====== SOURCE MATERIAL
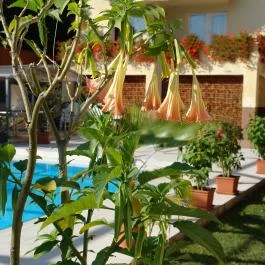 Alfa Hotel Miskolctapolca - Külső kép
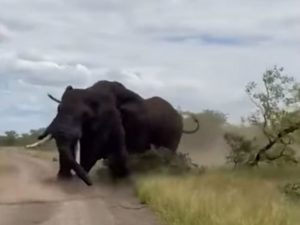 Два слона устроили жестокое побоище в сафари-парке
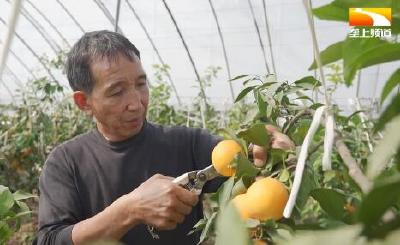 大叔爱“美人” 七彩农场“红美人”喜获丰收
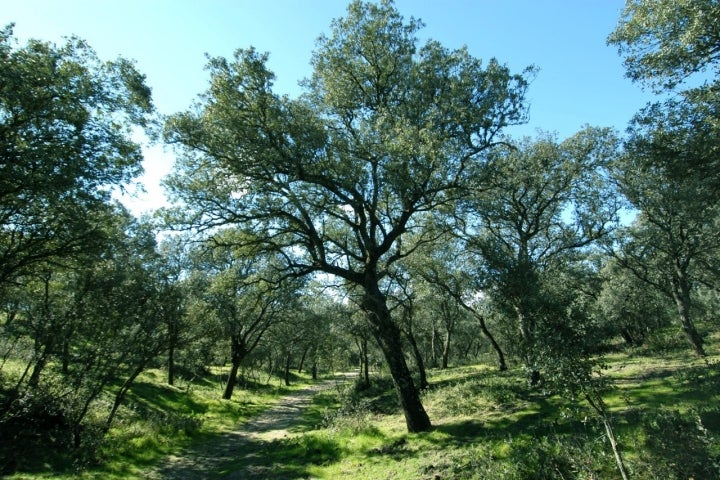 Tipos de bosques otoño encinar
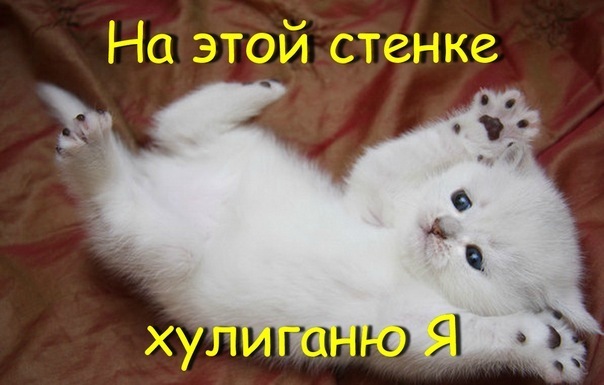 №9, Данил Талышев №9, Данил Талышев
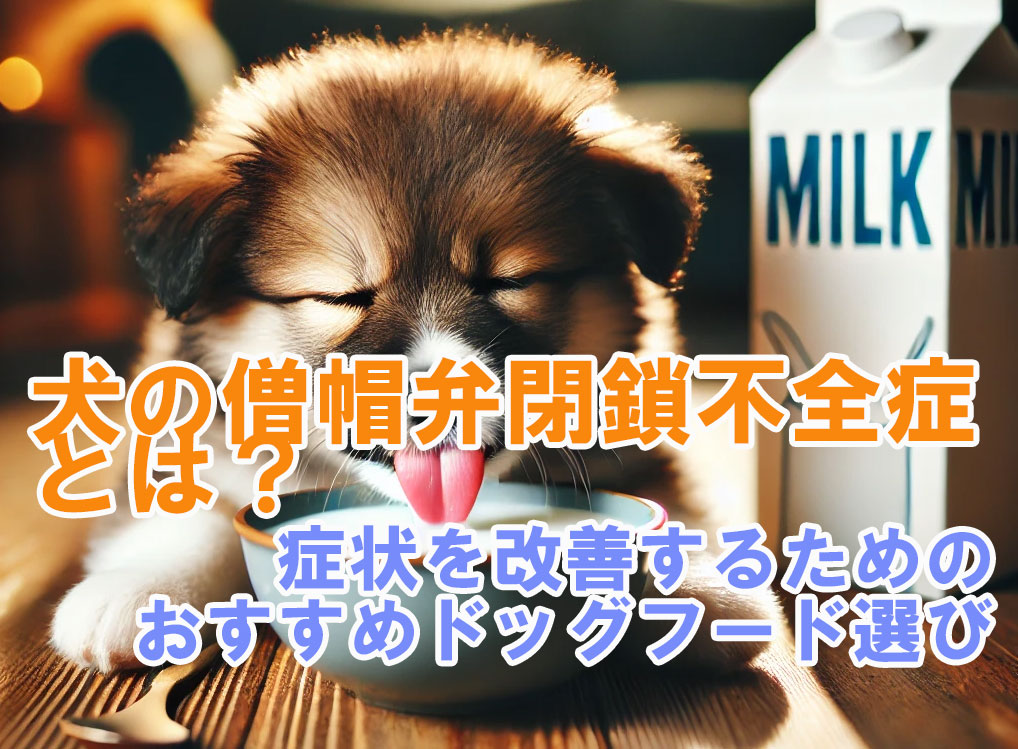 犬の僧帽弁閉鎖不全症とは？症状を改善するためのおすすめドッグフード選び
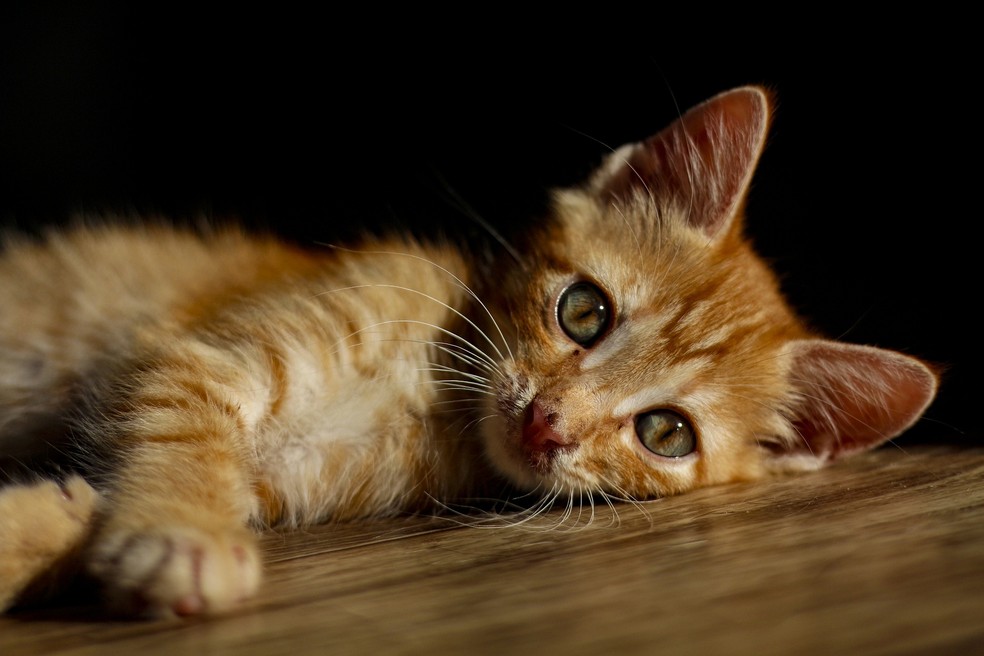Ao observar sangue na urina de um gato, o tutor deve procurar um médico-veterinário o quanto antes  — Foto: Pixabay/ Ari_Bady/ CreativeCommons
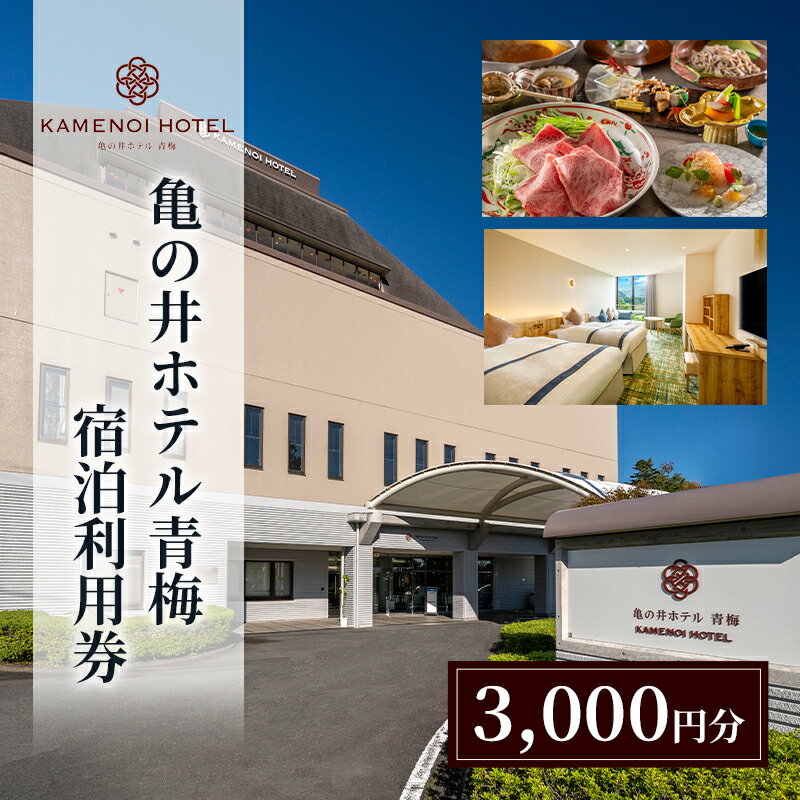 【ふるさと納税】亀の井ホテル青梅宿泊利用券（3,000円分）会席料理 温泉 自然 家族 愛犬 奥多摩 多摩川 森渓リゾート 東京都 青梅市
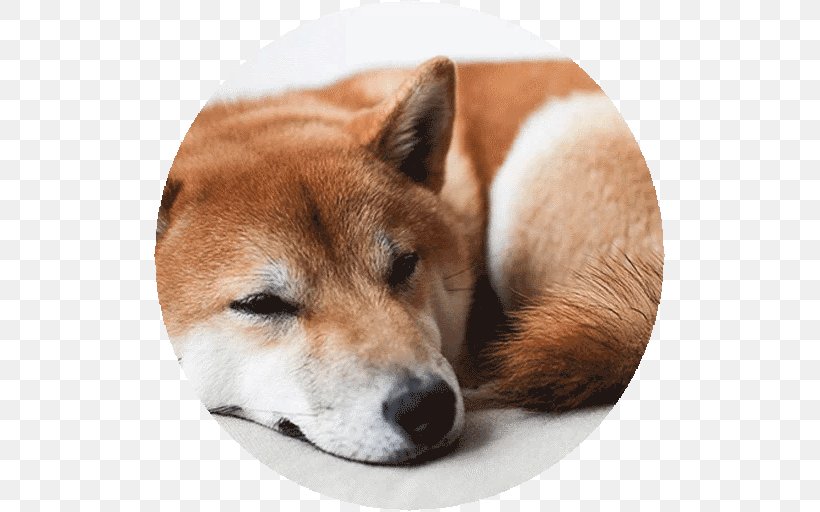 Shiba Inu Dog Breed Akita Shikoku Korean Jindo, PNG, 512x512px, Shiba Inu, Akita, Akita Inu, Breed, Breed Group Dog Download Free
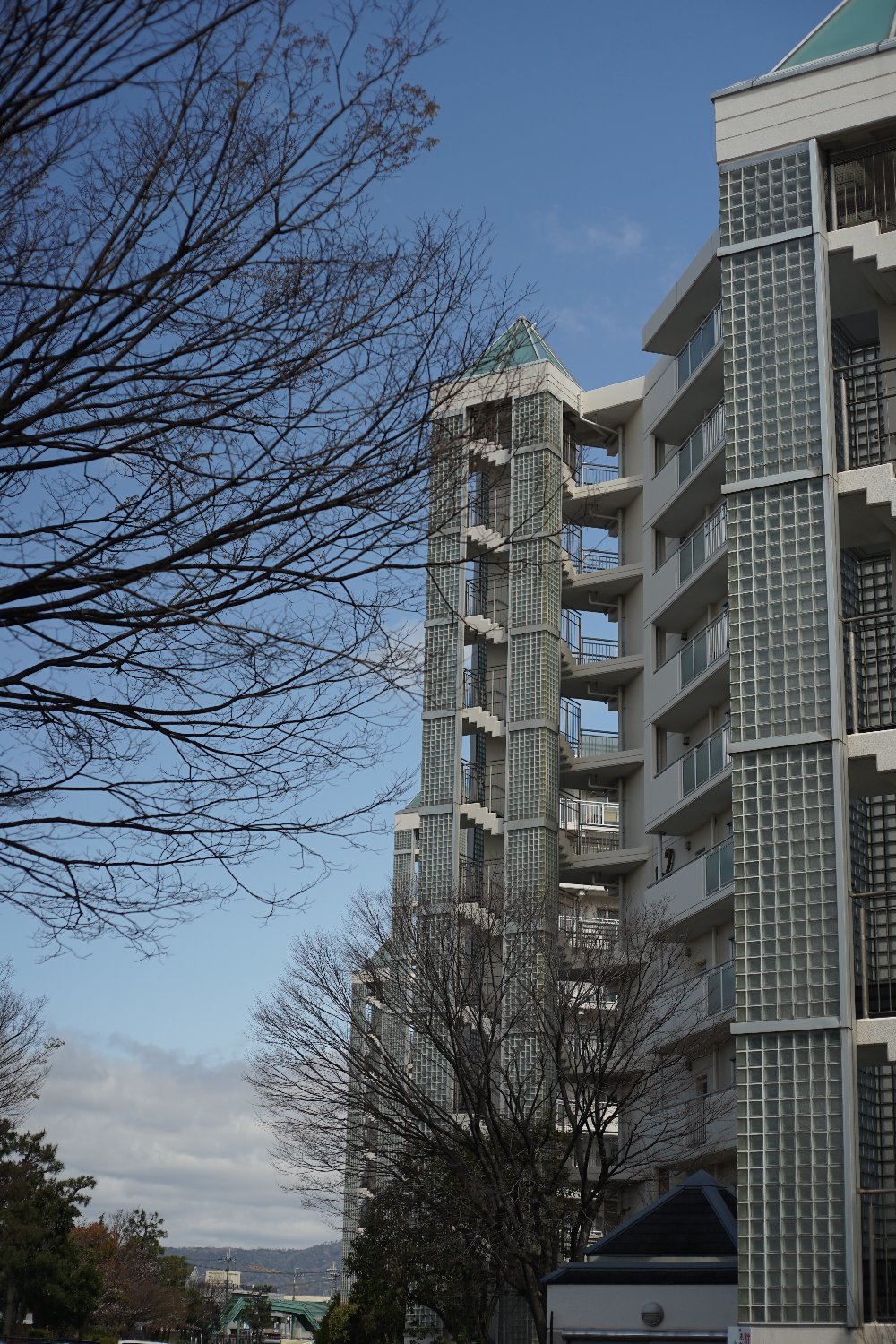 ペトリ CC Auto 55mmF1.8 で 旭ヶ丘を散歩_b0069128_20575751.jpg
============
EXERCISE DETAILS:
Omit all pictures and repeat the rest of the records verbatim.

WRITTEN SOLUTION:
 Alfa Hotel Miskolctapolca - Külső kép
 Два слона устроили жестокое побоище в сафари-парке
 大叔爱“美人” 七彩农场“红美人”喜获丰收
 Tipos de bosques otoño encinar
 №9, Данил Талышев №9, Данил Талышев
 犬の僧帽弁閉鎖不全症とは？症状を改善するためのおすすめドッグフード選び
Ao observar sangue na urina de um gato, o tutor deve procurar um médico-veterinário o quanto antes  — Foto: Pixabay/ Ari_Bady/ CreativeCommons
 【ふるさと納税】亀の井ホテル青梅宿泊利用券（3,000円分）会席料理 温泉 自然 家族 愛犬 奥多摩 多摩川 森渓リゾート 東京都 青梅市
 Shiba Inu Dog Breed Akita Shikoku Korean Jindo, PNG, 512x512px, Shiba Inu, Akita, Akita Inu, Breed, Breed Group Dog Download Free
 ペトリ CC Auto 55mmF1.8 で 旭ヶ丘を散歩_b0069128_20575751.jpg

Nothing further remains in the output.